Well, Fanny was not elated by all this fond praise; she felt that it was love which had dictated it, and it came over her gentle nature like a sunbeam, where all was mild and gracious before; she laid her hand gently on her husband’s arm and proceeded.
“All this took up half an hour; and, cool as the weather was, I could not help thinking how much of summer still remained; for almost every window had rosebushes and geraniums in it, and our widows’ row looked like one long green-house; for every window, there too, had a rosebush, full of roses, in it. And that lemon tree belonging to Mrs. Green—did I tell you, Hannah, that I bought you that fine, large lemon tree? Poor Mrs. Green hated to part with it; but it was too large for her room. It has ten large, ripe lemons on it; and ever so many blossoms.”
For fear of a mistake, Hannah feigned a little more of deafness than belonged to her; but to have her hopes destroyed by misapprehension was painful; for, of all things, she coveted a lemon tree, she so loved the smell of its delicate white blossoms.
Fanny repeated it loud enough to bring conviction to poor Hannah; and in a few moments the ten lemons were appropriated to more uses than one hundred could satisfy. Custard! oh, how much superior was a boiled custard, with the gratings of a fresh lemon; and many a glass of jelly did she fancy herself making with the sprightly well ripened juice; so much sprightlier, and having so much more of a perfume with it, than the stale, unripe lemons of the shop—oh, how Hannah French, at that moment, despised the shop lemons. And then to surprise Mr. Floss with the half of a fine, well rolled, plump, ripe lemon on Sunday, to eat with his fish or cutlet—on Sunday, when none could be bought—and Hannah laughed out in very happiness. The deaf have many pleasant, innocent fancies.
I hope, gentle reader, you do not think that Fanny was an insipid kind of person. Oh, if you could but know how much of beauty and loveliness there is in a nature wherein truth dwells constantly, you would covet to be like my Fanny. Yet, although she never read any thing but the Bible, or some good little pattern book, now and then,—although she only visited the poor and comfortless, and knew nothing of a theatre, yet her conversation was full of life; and, I might say, poetry. Her soul was in such harmony with all God’s works; and there was such melody in her accents, and such eloquence in her eye and her smile—such devotion to those she loved, that no one ever dreamed that she was an ignoramus.

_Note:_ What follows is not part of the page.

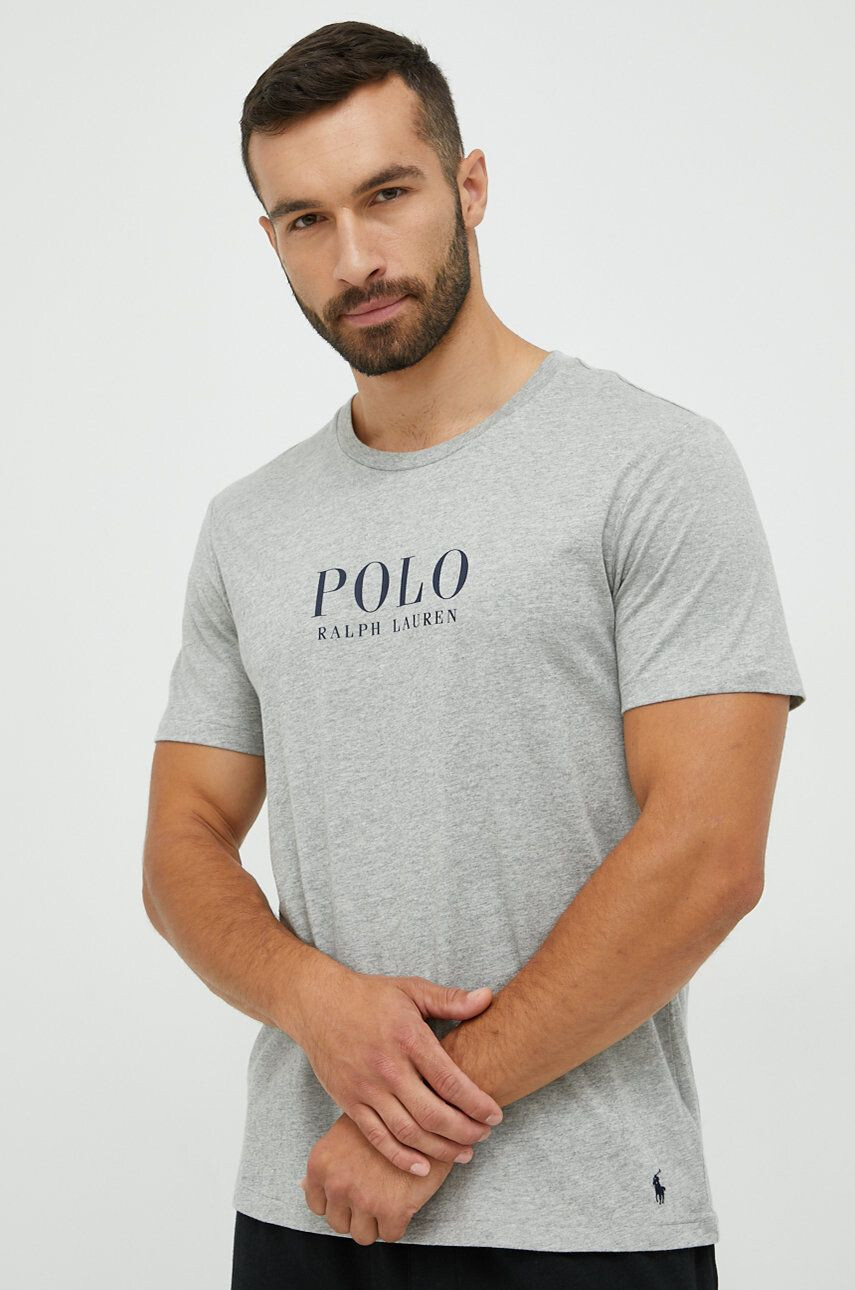 Polo Ralph Lauren Bavlněné pyžamové tričko vínová barva s potiskem - Pepit.cz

Mr. Floss, as I before observed, after the first surprise was over, doubted whether a woman more learned would have made him half so happy. He saw that other men did not care twopence for their wives’ sense or reading, after a month or so. Very few, he observed, talked out of book to their family, or seemed particularly pleased to hear that their wives were reading women.
As to sights—no one ever thought of taking so refined and delicate a creature as Fanny to see them; particularly such as the Siamese twins, or fat children, or the wild beasts in their closely confined, stifled menageries. She certainly knew that there were wild beasts; for well she remembered how often she had cried over the story, in a little gilt covered book, of the boy who went too near the lion, and had his head struck off. But Fanny, as she grew up, was not allowed to suffer her mind to dwell on such things; her judicious mother said there was too much of real life business to occupy her without crying over little boys that had their heads chopped off by wild beasts; and, another thing, she did not believe a word of the story—“But, let that alone,” said she, “Fanny dear, ‘tis no concern of ours.”
But, although Fanny’s thoughts and actions were full of piety, yet there was nothing mawkish, or canting, or tiresome, in her way of talking about it. She made even the poor themselves feel cheerful by her pleasant ways. It was not in her nature to exact any thing of them in return for what she did; nor did she pry into the little unhappy affairs which had contributed to bring them to poverty. It is only the callous heart that does this; only those who wish to make themselves conspicuous who ferret out the little miserable secrets of the poor.
At length, on Christmas day, the little boy was born; his mother’s birthday likewise; and it seemed as if Mr. Bangs had never lived till that moment. He was sitting in a very nervous, dogged, defying sort of way, by himself, in the front parlour, before a large fire, having some anxiety about his daughter, but a greater sympathy for himself and his thirteen disappointments, when Mrs. Bangs entered the room. He turned slowly around and stared at her with his mouth wide open, as she announced that Fanny was safely through her trouble; and that Mr. Floss was too happy to do more than cry like a child.
Mr. Bangs was speechless, while his wife expatiated on Fanny’s fortitude, and her anxiety to prevent her mother from knowing what her sufferings were. Still Mrs. Bangs did not hear the sound of thanksgiving from his lips. She little dreamed that the foolish old man’s head was running on the sex of the child.